2017 Tax Audits
With the beginning of tax season approaching, many businesses and individuals will soon be turning their attention to their tax returns. One concern that is inevitably on many taxpayers’ minds is the possibility of being audited by the IRS.
A tax audit is an examination of an organization’s or individual’s tax return to verify that financial information is being reported correctly. While the odds of being selected for closer scrutiny are statistically low, there are factors that could increase the likelihood of receiving an audit notice.
There are a variety of potential “triggers” in tax returns that may raise questions and attract unwanted attention from the IRS. The IRS uses a computer scoring system, called the Discriminant Information Function system, which analyzes tax deductions, compares taxpayer data, and is often the basis for initiating an audit.

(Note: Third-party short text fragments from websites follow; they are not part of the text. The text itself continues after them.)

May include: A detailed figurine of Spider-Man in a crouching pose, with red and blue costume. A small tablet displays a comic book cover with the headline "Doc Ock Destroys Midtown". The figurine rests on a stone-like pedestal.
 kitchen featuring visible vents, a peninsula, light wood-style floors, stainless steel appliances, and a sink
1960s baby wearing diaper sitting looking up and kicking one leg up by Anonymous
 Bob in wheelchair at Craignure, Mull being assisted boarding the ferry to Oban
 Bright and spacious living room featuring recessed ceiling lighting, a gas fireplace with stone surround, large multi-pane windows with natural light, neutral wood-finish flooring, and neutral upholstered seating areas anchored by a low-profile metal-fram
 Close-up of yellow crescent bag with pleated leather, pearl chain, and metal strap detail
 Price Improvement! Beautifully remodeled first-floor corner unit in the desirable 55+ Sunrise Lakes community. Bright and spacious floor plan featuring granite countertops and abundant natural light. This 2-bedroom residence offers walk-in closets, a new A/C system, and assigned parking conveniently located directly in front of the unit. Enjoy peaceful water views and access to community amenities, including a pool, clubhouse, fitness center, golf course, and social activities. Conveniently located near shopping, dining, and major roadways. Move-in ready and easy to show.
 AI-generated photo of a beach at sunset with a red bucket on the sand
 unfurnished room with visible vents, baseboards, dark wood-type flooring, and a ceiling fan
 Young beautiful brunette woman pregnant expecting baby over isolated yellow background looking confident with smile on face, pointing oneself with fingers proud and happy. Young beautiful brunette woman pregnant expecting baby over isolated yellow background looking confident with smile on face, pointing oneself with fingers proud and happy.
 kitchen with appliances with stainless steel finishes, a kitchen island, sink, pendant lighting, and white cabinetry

Issues can arise when, for example, income is not fully reported, business operating losses are considered out of the ordinary, there are errors, omissions, or inconsistencies in the return, or there is an appearance of lavish business expense deductions for meals and entertainment. Additionally, sharp decreases in reported income from one year to the next can attract greater scrutiny.
Exceptionally large charitable deductions can sometimes trigger an IRS audit, but are usually allowed when a taxpayer has receipts and documentation to support them. Examiners also pay closer attention to cash-intensive businesses such as restaurants and convenience stores, which generate a lot of cash receipts from smaller transactions.
It is strongly advised to keep detailed records. This helps ensure that if you are questioned by the IRS, you'll be able to substantiate deductions, income and other information. Have a bookkeeping system that creates a clear and accurate record of all transactions, and maintains and preserves source documents used for accounting and tax preparation.